In their textbook, Graphical Models, Exponential Families and Variational Inference, M. Jordan and M. Wainwright discuss the connection between Exponential families and Markov Random Fields (undirected graphical models).
I am trying to understand better the relationship between them with the following questions:
- Are all MRFs members of the Exponential families?
- Can all members from the Exponential families be represented as an MRF?
- If MRFs $\neq$ Exponential families, what are some good examples of distributions of one type not ncluded in the other ?
From what I understand in their textbook (Chapter 3), Jordan and Wainwright present the next argument:
Say we have a a scalar random variable X that follows some distribution $p$, and draw $n$ i.i.d. observations $X^1, \ldots X^n$, and we want to identify $p$.
We compute the empirical expectations of certain functions $\phi_\alpha%$
$\hat{\mu}_\alpha= \frac{1}{n}\sum^n_{i=1}\phi_\alpha(X^i), $ for all $\alpha \in \mathcal{I}$
where each $\alpha$ in some set $\mathcal{I}$ indexes a function $\phi_\alpha: \mathcal{X} \rightarrow R$
Then if we force the following two sets of quantities to be consistent, i.e. to match (to identify $p$):
The expectations $E_p[(\phi_\alpha(X)]=\int_\mathcal{X}\phi_\alpha(x)p(x)\nu(dx)$ of the sufficient statistics $\phi$ of the distribution $p$
The expectations under the empirical distribution
we get an underdetermined problem, in the sense that there are many distributions $p$ that are consistent with the observations. So we need a principle for choosing among them (to identify $p$).
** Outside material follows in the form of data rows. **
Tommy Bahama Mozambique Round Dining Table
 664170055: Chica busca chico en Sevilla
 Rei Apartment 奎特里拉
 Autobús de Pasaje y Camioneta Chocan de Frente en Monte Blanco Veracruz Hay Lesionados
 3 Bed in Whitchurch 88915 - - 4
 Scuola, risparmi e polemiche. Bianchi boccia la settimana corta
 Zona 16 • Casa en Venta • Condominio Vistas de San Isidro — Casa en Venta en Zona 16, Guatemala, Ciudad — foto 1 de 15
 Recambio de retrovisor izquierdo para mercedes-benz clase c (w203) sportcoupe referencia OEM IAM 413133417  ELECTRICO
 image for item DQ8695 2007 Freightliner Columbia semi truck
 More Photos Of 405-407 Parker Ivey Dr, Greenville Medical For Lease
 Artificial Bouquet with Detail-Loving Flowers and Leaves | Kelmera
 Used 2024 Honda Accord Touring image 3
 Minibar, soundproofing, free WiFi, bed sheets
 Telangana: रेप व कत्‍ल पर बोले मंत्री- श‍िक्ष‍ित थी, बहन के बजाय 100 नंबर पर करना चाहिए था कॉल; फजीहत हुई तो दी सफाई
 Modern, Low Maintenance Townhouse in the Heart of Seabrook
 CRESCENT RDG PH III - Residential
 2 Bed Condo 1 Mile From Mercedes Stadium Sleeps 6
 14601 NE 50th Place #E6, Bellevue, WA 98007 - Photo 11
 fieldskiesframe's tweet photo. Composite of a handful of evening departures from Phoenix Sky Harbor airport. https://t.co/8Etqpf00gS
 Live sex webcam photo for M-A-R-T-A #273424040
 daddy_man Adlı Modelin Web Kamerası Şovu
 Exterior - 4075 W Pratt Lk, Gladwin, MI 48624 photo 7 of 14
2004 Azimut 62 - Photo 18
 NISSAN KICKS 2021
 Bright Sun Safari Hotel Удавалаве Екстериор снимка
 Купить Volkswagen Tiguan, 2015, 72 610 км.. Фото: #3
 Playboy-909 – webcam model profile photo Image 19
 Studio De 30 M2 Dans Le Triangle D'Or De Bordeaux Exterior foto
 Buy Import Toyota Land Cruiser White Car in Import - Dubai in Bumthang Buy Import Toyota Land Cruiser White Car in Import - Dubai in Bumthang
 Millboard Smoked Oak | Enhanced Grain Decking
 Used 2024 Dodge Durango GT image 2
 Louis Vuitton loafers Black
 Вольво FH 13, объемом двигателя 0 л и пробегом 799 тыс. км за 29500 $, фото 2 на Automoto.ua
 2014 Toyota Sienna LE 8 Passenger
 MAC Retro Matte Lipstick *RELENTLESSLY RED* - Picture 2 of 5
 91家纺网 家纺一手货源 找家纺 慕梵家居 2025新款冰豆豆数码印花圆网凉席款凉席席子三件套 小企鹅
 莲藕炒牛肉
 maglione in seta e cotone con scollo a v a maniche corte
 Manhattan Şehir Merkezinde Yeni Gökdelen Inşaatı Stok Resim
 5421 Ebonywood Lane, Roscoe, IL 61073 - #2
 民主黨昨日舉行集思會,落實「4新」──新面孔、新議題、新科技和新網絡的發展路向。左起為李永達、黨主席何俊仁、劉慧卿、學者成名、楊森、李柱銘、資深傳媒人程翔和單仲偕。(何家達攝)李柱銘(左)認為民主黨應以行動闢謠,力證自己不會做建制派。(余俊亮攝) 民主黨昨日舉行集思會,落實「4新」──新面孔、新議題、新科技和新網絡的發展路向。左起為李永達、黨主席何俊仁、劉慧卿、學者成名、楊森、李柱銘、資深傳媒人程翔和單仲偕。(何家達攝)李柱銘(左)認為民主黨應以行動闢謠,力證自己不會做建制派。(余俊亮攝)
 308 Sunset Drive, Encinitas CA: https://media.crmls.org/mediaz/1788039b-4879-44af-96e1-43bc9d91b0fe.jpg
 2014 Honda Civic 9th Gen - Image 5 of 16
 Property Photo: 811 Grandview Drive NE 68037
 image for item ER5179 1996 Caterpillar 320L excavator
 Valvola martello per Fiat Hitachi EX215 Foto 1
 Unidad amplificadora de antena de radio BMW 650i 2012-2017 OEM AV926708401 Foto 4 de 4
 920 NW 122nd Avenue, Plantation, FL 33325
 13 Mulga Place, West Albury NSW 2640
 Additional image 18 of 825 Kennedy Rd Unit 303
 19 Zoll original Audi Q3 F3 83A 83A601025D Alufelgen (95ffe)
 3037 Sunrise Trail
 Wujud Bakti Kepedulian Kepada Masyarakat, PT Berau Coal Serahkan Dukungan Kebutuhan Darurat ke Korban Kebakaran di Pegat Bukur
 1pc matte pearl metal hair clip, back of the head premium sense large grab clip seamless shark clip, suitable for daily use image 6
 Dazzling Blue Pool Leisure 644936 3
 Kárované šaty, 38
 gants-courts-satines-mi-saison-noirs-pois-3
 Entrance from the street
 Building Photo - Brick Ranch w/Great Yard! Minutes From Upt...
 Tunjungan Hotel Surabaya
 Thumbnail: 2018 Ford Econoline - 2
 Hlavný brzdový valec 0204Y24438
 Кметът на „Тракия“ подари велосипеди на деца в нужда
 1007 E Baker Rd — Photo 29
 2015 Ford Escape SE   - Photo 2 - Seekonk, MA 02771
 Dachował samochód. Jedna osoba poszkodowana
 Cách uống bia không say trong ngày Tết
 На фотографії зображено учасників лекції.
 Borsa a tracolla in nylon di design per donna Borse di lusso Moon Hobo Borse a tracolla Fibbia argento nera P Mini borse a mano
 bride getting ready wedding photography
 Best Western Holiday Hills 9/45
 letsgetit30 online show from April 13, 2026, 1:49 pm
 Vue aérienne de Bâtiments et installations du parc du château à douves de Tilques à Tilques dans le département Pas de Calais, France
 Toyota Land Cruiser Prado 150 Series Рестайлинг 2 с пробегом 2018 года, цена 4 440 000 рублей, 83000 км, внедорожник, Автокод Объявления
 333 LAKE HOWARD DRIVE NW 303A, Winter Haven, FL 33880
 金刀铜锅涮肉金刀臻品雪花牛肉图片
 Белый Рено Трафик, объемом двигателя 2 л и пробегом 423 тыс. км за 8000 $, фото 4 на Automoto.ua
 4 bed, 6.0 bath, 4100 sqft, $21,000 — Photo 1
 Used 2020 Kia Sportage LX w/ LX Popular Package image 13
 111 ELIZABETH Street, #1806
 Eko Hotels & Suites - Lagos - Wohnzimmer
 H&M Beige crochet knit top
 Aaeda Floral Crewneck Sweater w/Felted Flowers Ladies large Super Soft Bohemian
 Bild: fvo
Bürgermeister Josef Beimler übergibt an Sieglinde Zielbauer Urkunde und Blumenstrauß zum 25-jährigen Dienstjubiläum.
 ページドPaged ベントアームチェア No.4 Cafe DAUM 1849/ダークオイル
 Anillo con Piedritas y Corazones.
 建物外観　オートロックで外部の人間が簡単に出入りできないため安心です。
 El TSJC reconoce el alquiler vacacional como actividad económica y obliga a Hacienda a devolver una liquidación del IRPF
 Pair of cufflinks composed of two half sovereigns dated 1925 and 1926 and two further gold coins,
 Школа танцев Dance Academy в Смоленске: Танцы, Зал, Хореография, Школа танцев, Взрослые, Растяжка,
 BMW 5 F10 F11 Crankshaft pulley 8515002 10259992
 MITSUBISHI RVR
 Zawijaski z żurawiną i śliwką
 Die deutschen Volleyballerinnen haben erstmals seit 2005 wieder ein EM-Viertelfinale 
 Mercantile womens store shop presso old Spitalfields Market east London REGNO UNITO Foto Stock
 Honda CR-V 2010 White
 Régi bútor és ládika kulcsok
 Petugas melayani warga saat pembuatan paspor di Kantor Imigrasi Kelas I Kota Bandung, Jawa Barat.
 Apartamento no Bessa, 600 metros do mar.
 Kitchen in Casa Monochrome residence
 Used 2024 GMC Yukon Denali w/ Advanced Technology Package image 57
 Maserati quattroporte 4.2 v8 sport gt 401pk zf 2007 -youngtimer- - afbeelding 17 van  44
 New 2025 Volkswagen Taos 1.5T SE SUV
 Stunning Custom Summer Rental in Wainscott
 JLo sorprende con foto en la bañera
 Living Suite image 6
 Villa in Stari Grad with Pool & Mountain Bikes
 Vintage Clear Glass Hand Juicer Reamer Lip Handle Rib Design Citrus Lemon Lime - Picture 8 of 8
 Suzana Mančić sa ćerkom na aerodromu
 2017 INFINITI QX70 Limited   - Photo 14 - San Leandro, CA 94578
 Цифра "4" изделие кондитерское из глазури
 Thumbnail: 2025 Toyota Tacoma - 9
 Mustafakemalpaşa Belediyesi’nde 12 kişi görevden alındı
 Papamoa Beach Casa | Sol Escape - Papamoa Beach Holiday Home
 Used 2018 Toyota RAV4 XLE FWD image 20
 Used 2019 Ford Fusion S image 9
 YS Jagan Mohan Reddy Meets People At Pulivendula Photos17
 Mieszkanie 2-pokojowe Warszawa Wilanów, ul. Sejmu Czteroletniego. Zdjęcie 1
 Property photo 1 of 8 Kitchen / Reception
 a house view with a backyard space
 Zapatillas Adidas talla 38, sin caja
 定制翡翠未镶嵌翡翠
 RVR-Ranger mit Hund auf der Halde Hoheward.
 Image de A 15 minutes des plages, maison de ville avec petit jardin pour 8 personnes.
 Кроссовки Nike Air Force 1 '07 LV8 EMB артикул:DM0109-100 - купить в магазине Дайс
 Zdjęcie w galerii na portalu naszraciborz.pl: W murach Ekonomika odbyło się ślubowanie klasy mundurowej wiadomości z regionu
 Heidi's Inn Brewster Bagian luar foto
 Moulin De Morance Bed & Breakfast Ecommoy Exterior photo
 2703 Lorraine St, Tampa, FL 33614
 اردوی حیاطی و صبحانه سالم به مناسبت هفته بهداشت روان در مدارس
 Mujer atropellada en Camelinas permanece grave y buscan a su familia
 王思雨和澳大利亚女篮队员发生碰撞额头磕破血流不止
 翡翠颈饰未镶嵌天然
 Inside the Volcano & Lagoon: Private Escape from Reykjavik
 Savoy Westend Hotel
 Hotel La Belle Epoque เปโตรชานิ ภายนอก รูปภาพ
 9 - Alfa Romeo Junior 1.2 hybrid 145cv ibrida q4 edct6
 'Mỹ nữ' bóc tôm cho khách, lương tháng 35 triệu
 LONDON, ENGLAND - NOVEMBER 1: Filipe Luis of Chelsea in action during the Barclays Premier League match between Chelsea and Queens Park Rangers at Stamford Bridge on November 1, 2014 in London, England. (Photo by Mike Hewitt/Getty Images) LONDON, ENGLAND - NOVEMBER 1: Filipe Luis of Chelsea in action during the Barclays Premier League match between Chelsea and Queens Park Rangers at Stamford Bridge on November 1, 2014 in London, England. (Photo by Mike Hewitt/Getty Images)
If we use the principle of maximum entropy to remove this undeterminancy, we can get a single $p$:
$\DeclareMathOperator*{\argmax}{arg\,max} p^* = \argmax_{p\in{\mathcal{P}}} \,H(p)$ subject to $E_p[(\phi_\alpha(X)] = \hat{\mu}_\alpha$ for all $\alpha \in \mathcal{I}$
where this $p^*$ takes the form $p_\theta(x) \propto $ exp${\sum_{\alpha \in \mathcal{I}}\theta_\alpha \phi_\alpha(x)},$ where $\theta \in R^d$ represents a parameterization of the distribution in exponential family form.
In other words, if we
- Make the expectations of the distributions be consistent with the expectations under the empirical distribution
- Use the principle of maximum entropy to get rid of undetermination
$\rightarrow$ We end up with a a distribution of the exponential family.
However, this looks more like an argument to introduce exponential families, and (as far as I can understand) it does not describe the relationship between MRFs and exp. families. Am I missing anything?